# RECORDED DATA

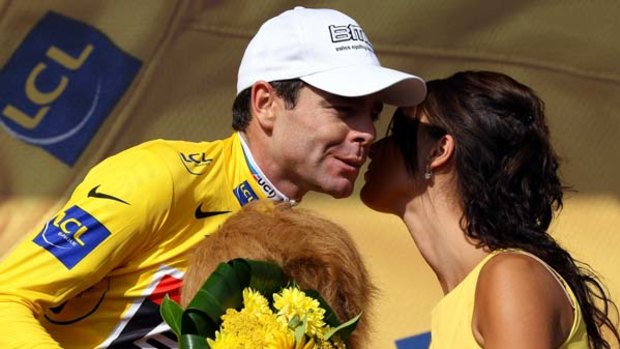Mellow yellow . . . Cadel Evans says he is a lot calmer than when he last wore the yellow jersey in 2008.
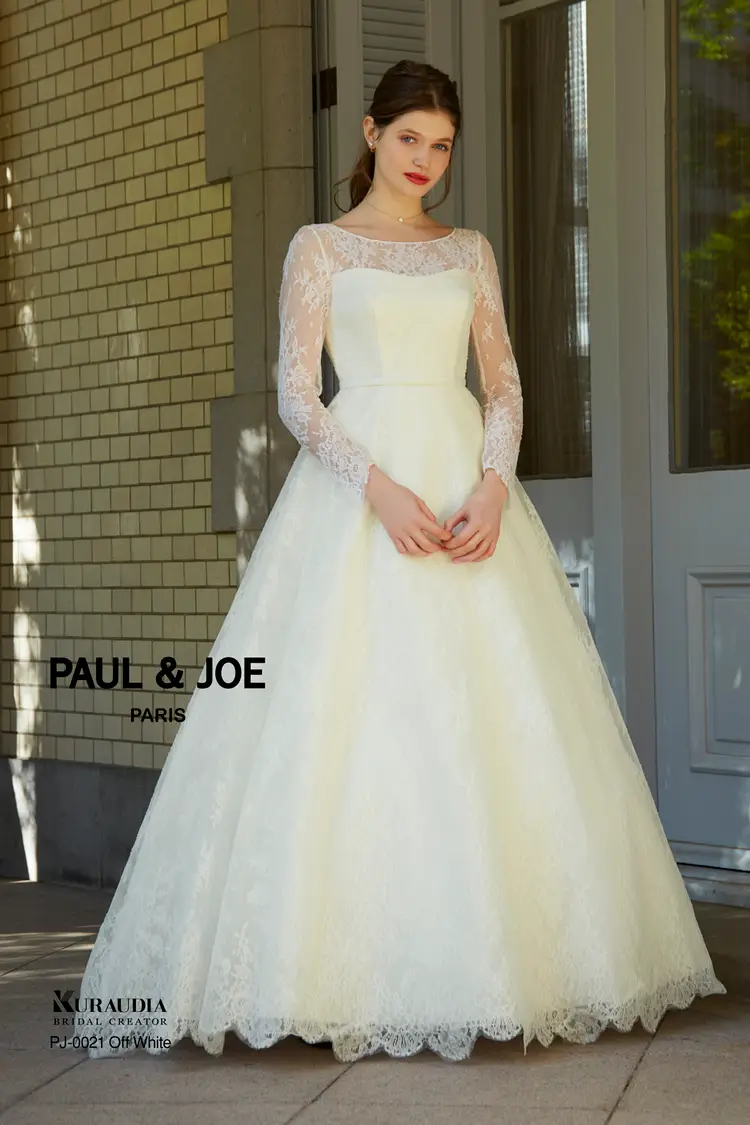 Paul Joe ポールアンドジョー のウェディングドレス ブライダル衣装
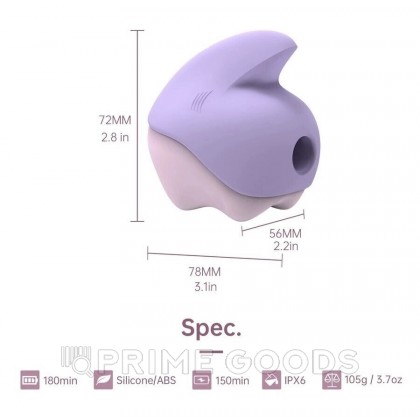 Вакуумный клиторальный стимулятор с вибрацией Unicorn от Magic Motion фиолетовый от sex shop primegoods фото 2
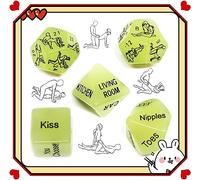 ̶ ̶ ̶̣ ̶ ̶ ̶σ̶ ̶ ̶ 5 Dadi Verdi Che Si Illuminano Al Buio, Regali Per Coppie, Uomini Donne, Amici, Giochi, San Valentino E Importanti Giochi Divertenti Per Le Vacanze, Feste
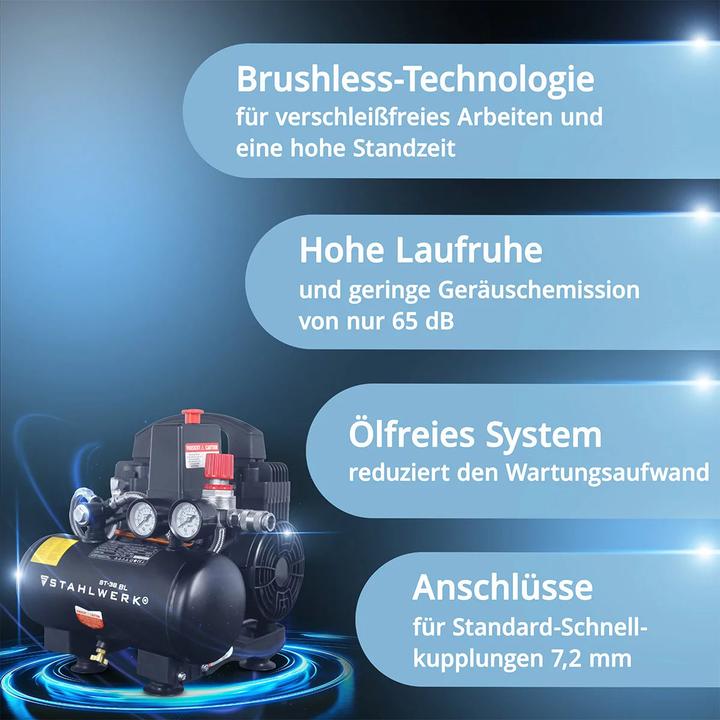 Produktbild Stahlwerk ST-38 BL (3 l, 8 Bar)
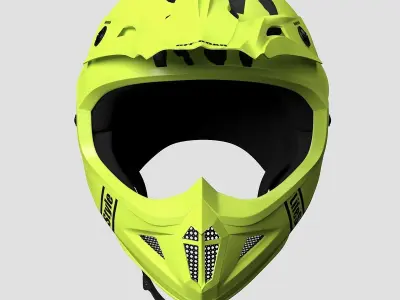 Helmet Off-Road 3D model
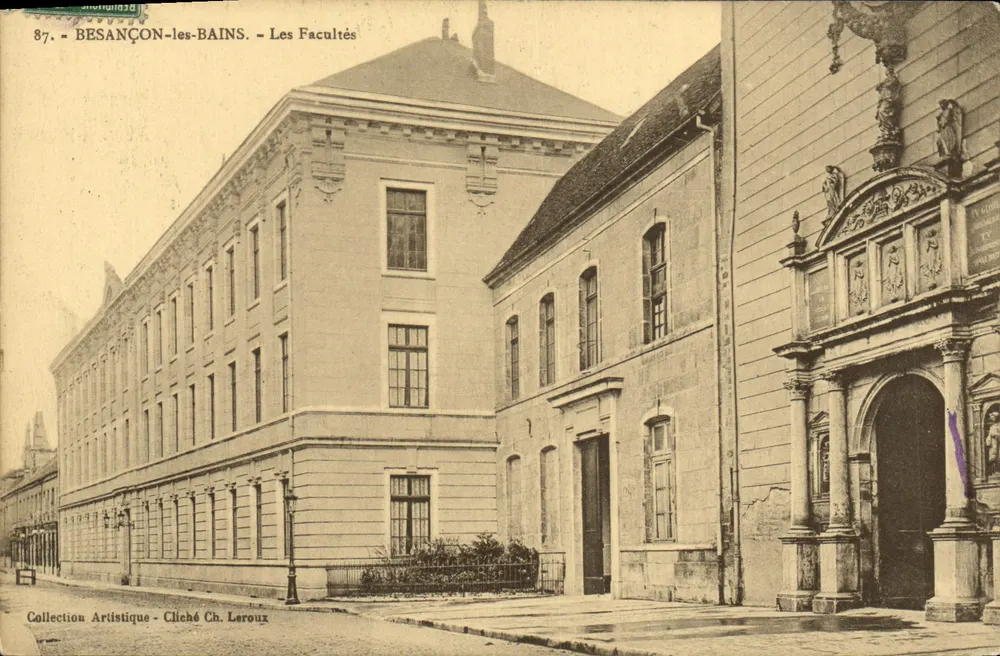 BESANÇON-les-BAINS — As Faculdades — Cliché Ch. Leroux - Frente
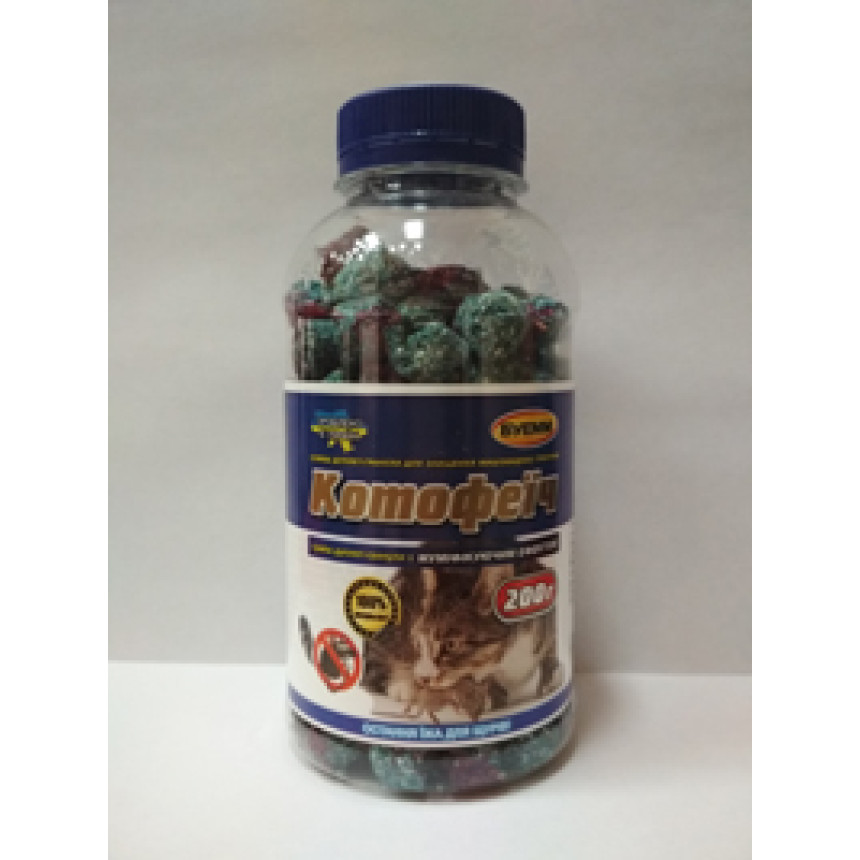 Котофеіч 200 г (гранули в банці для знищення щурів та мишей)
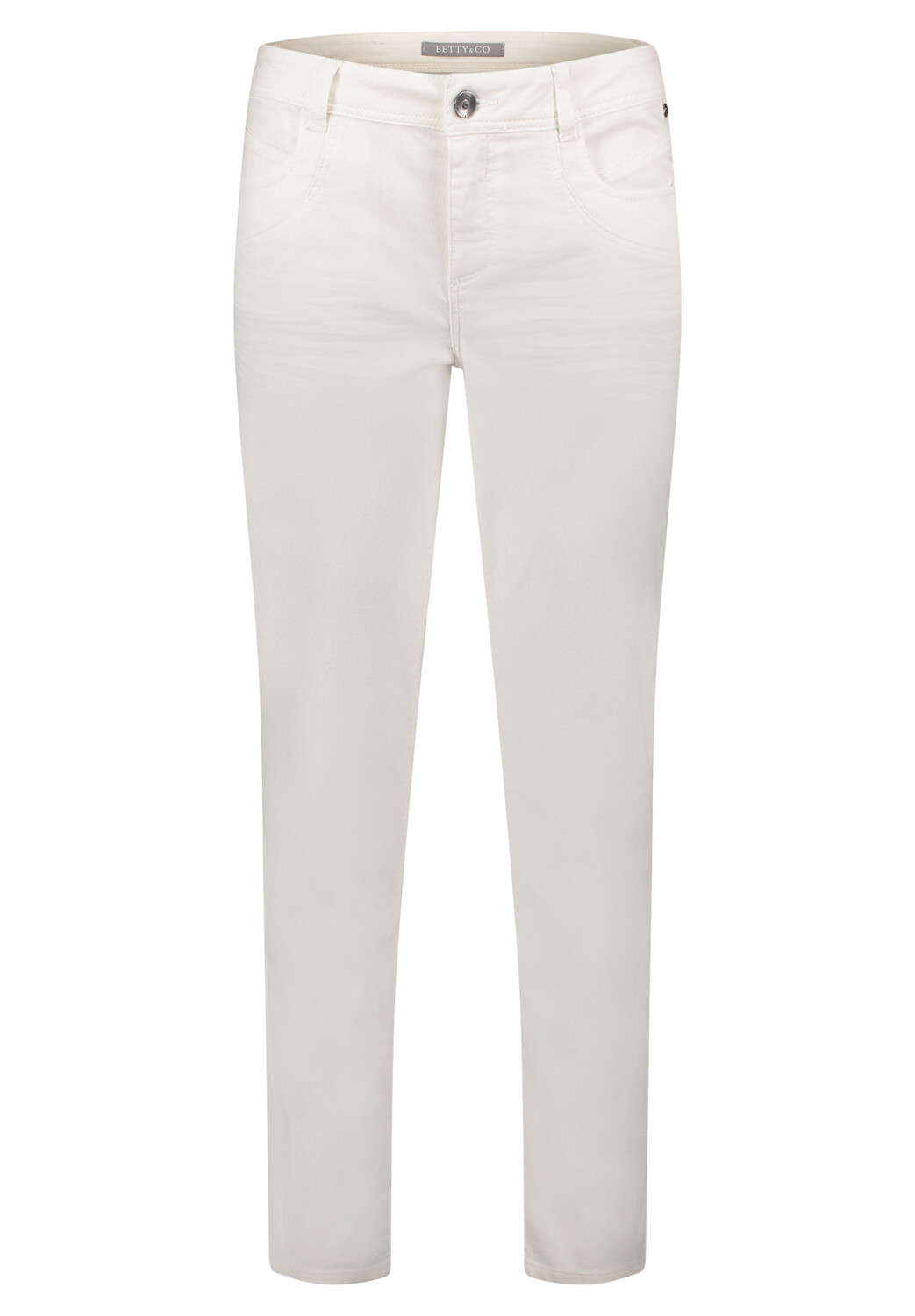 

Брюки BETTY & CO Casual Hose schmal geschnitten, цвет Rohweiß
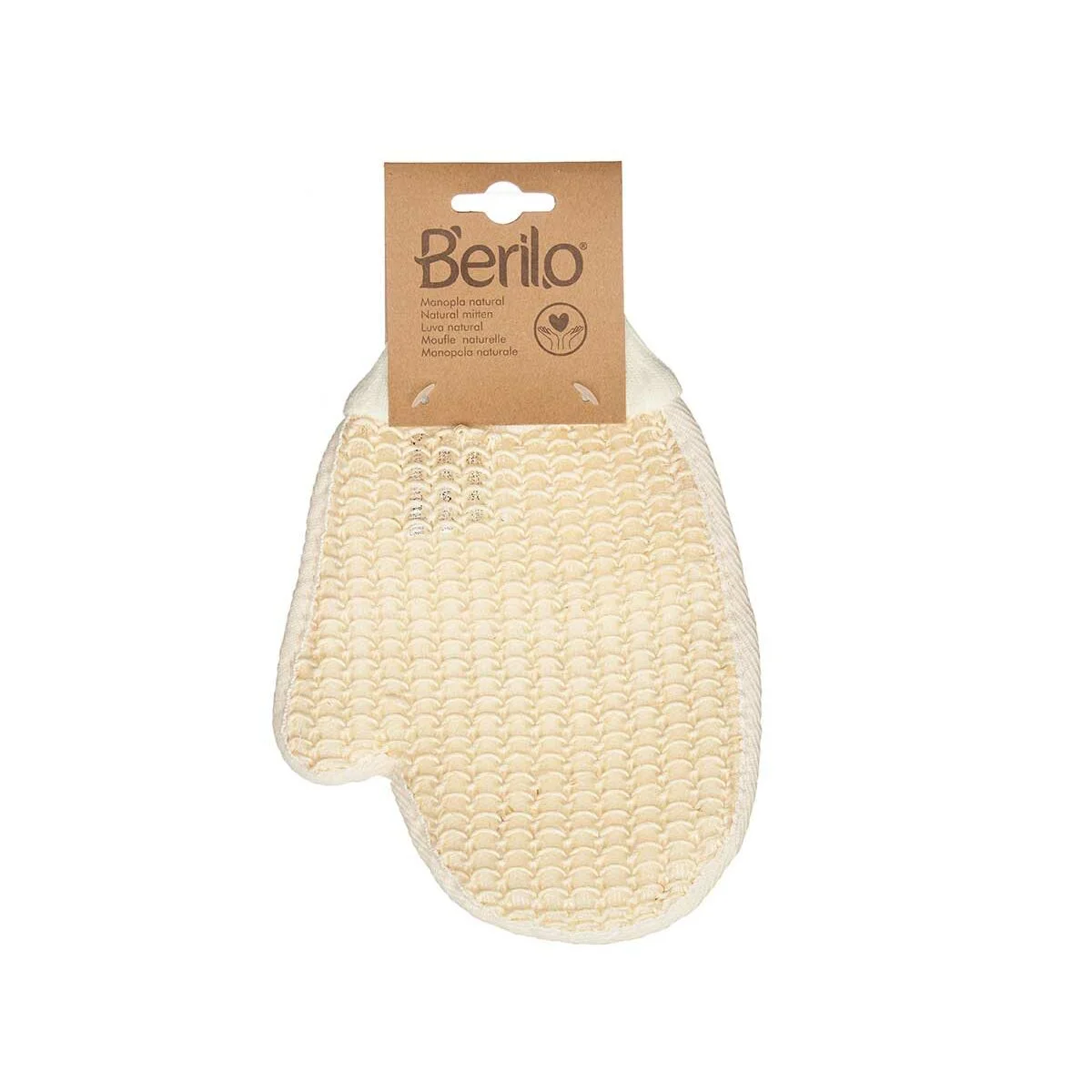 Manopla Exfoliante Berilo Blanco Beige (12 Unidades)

# REQUIRED ACTION
Set down each record above exactly as it stands and leave out all pictures.

# RESPONSE FOR THIS EXERCISE
Mellow yellow . . . Cadel Evans says he is a lot calmer than when he last wore the yellow jersey in 2008.
 Paul Joe ポールアンドジョー のウェディングドレス ブライダル衣装
 Вакуумный клиторальный стимулятор с вибрацией Unicorn от Magic Motion фиолетовый от sex shop primegoods фото 2
 ̶ ̶ ̶̣ ̶ ̶ ̶σ̶ ̶ ̶ 5 Dadi Verdi Che Si Illuminano Al Buio, Regali Per Coppie, Uomini Donne, Amici, Giochi, San Valentino E Importanti Giochi Divertenti Per Le Vacanze, Feste
 Produktbild Stahlwerk ST-38 BL (3 l, 8 Bar)
 Helmet Off-Road 3D model
 BESANÇON-les-BAINS — As Faculdades — Cliché Ch. Leroux - Frente
 Котофеіч 200 г (гранули в банці для знищення щурів та мишей)

Брюки BETTY & CO Casual Hose schmal geschnitten, цвет Rohweiß
 Manopla Exfoliante Berilo Blanco Beige (12 Unidades)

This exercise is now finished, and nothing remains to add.